DINHEIRO ? E como explicar outras deficiências, como a nutricional?
VIVIANE ? Na teoria de 20 anos atrás, a criança brasileira era subnutrida e não aprendia. A escola não se responsabilizava, punha a culpa na criança e na família. Fazia sentido, mas não era verdade. Atendemos mais de dez milhões de crianças, sendo cinco milhões em escola pública. Todas as crianças subnutridas aprenderam quando foi bem ensinado.
DINHEIRO ? A questão financeira não é importante?

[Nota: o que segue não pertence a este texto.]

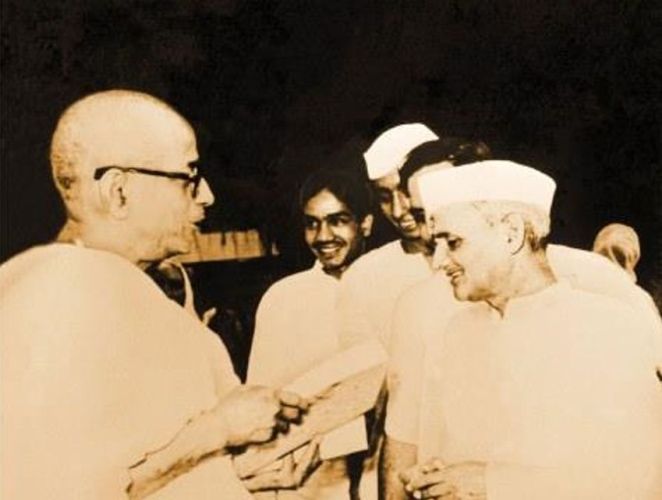 Prabhupada with Lal Bahadur Shastri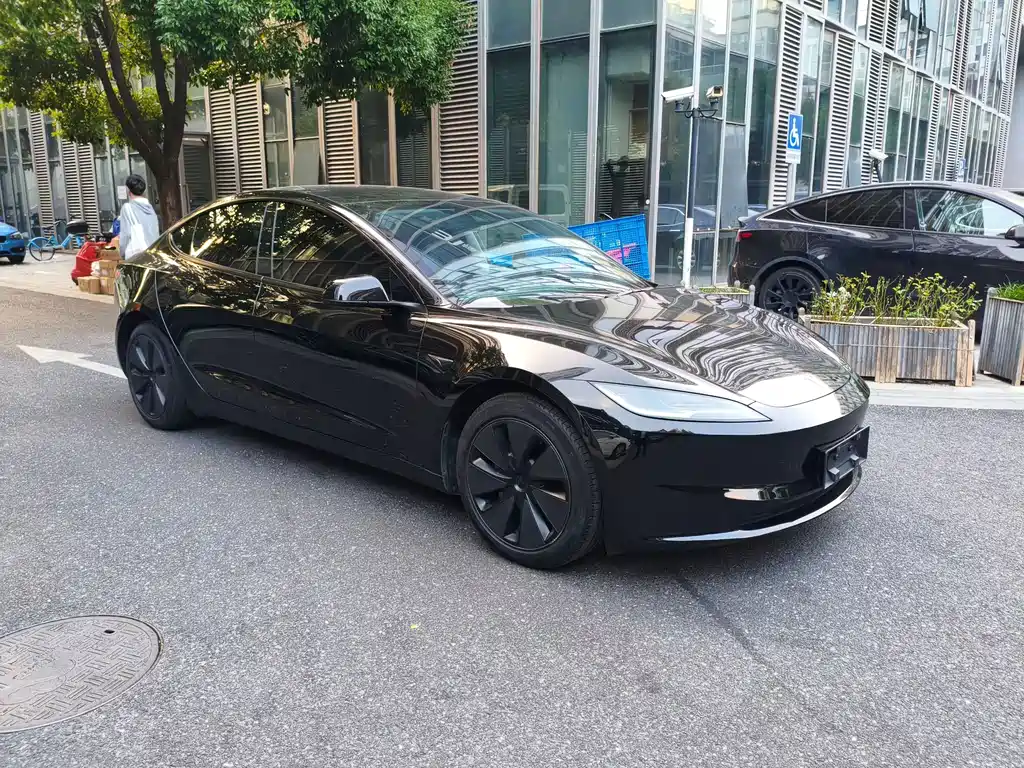 Tesla Model 3 — фото 3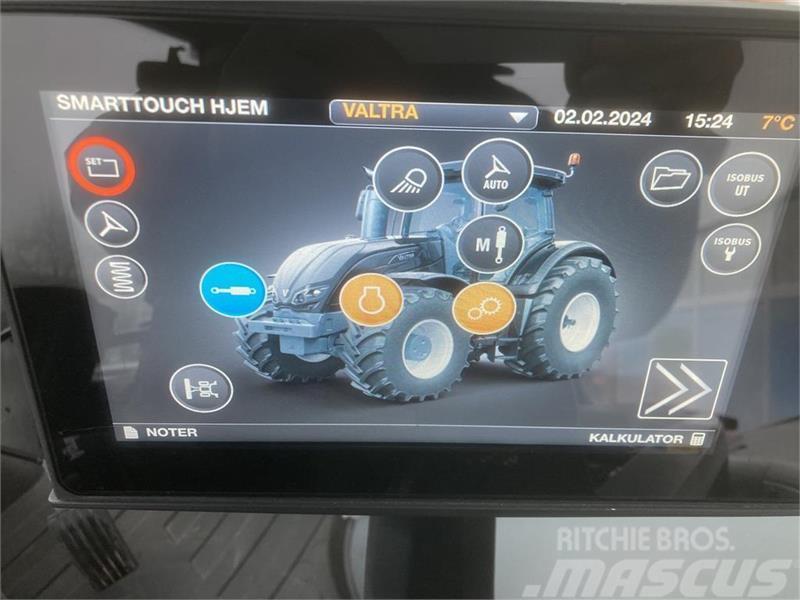 Valtra S394 Stor GPS Pakke og luftaffjedret kabine Traktorit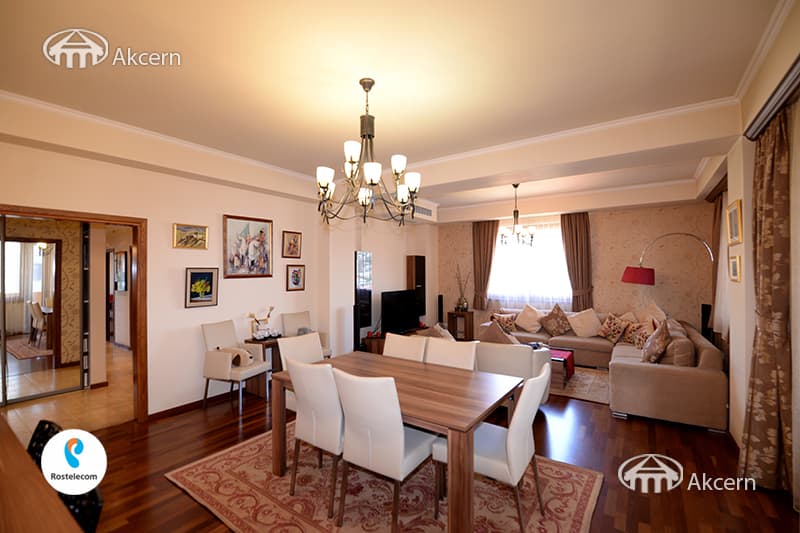 Квартира · 4 комн. · 156 м² · Кентрон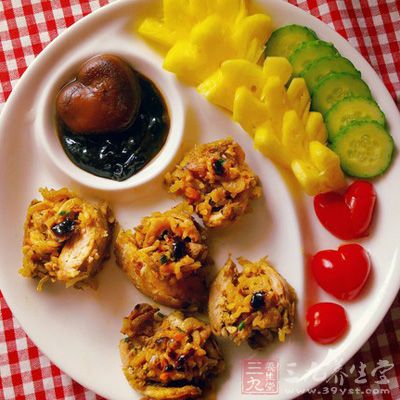 放入1/2勺橄榄油拌匀，静置30分钟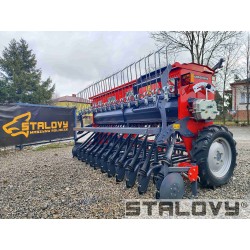 Siewnik zbożowy stopkowy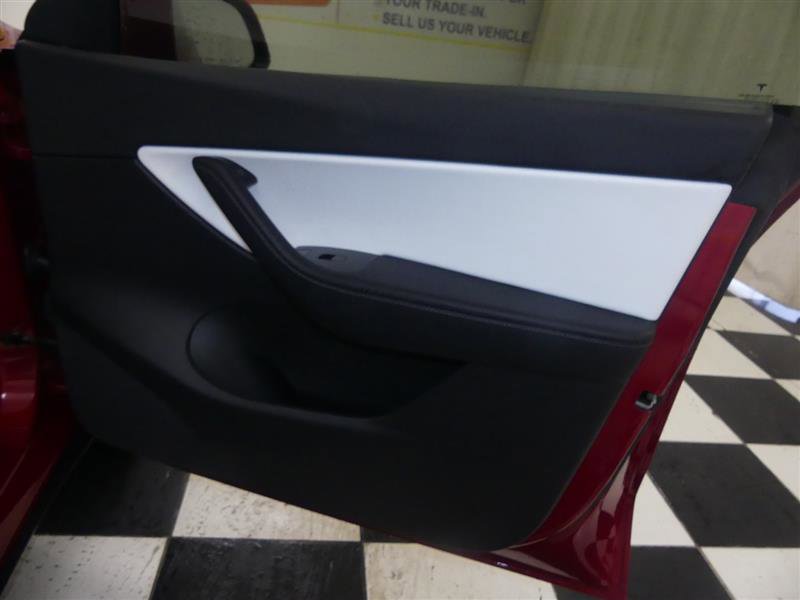 Used 2020 Tesla Model Y Long Range image 21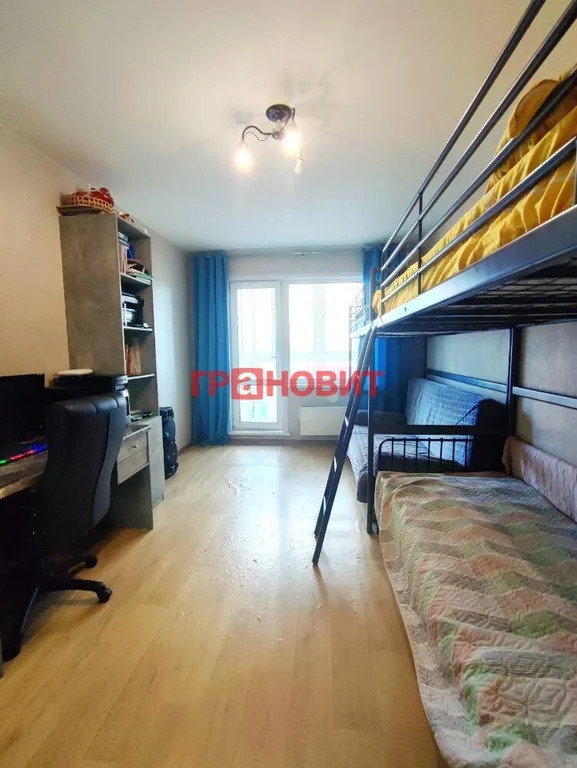 Продажа квартиры, Новосибирск, Александра Чистякова - Фото 0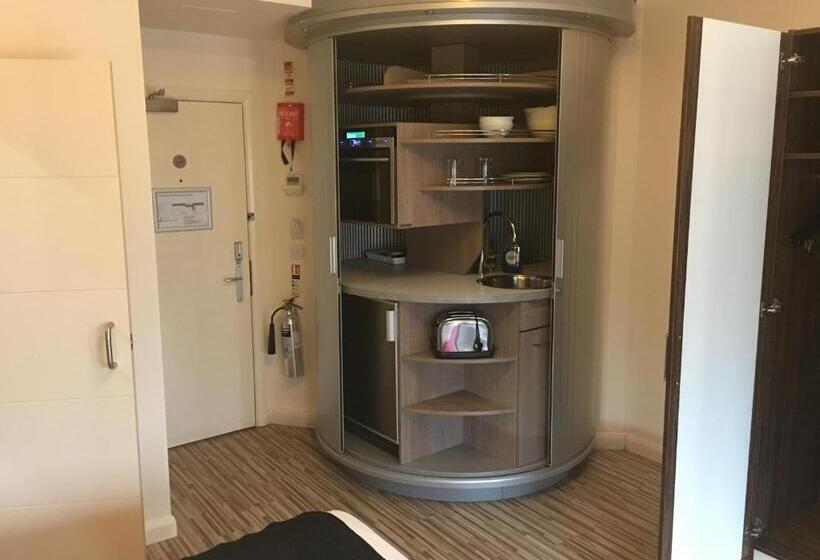 Студия Deluxe, Simply Rooms & Suites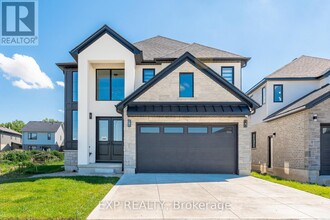Building Photo - 266 Hesselman Cres
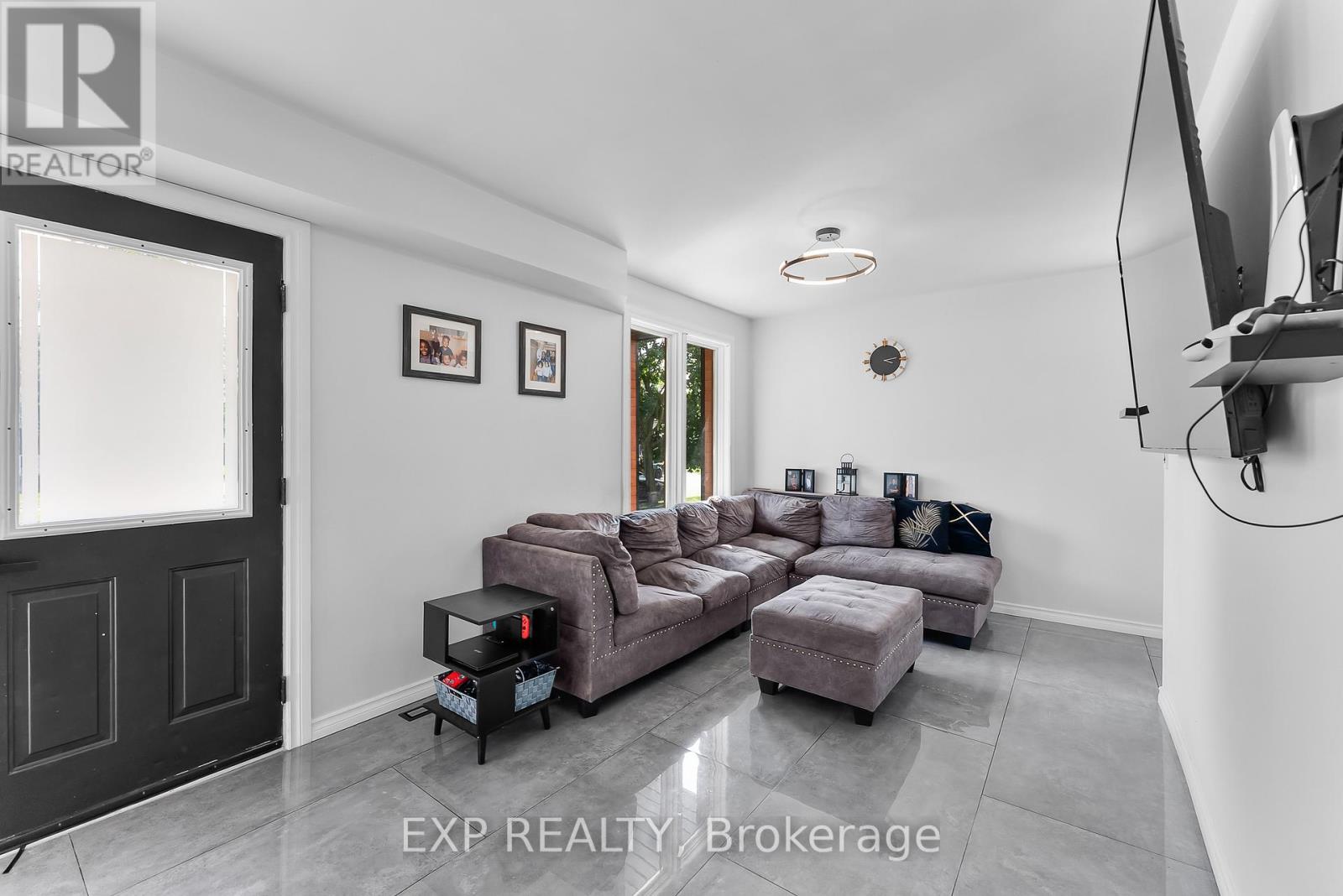 249 Wallace Avenue S, Welland, Ontario  L3B 1R7 - Photo 5 - X12614908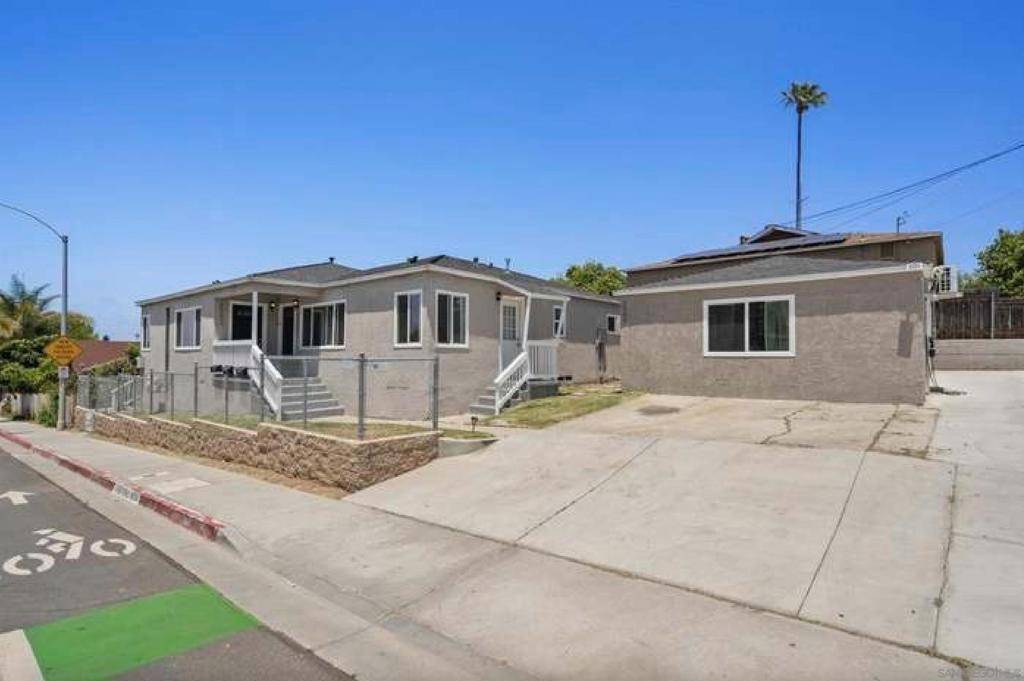 San Diego, CA 92114,6980 82-84 Lisbon St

VIVIANE ? As pesquisas estatísticas mostram uma alta correlação entre performance baixa e nível socioeconômico baixo. Quanto mais pobre a família, pior o desempenho da criança. Novamente, faz sentido ter a correlação. Porém, se aceitarmos isso, também temos que aceitar que é preciso esperar as famílias brasileiras enriquecerem para a escola conseguir ensinar. Isso é outro absurdo lógico, tão absurdo quanto achar que a população brasileira é mais burra que a população mundial. Esses são álibis usados para não resolver o problema onde ele está, que é na escola. Mas o fato é que com a mesma escola, as mesmas condições, o mesmo professor e a mesma criança, se tornarmos o sistema eficiente, o resultado sai de 20% para ficar acima de 90%. Com os mesmo atores, não muda nenhum.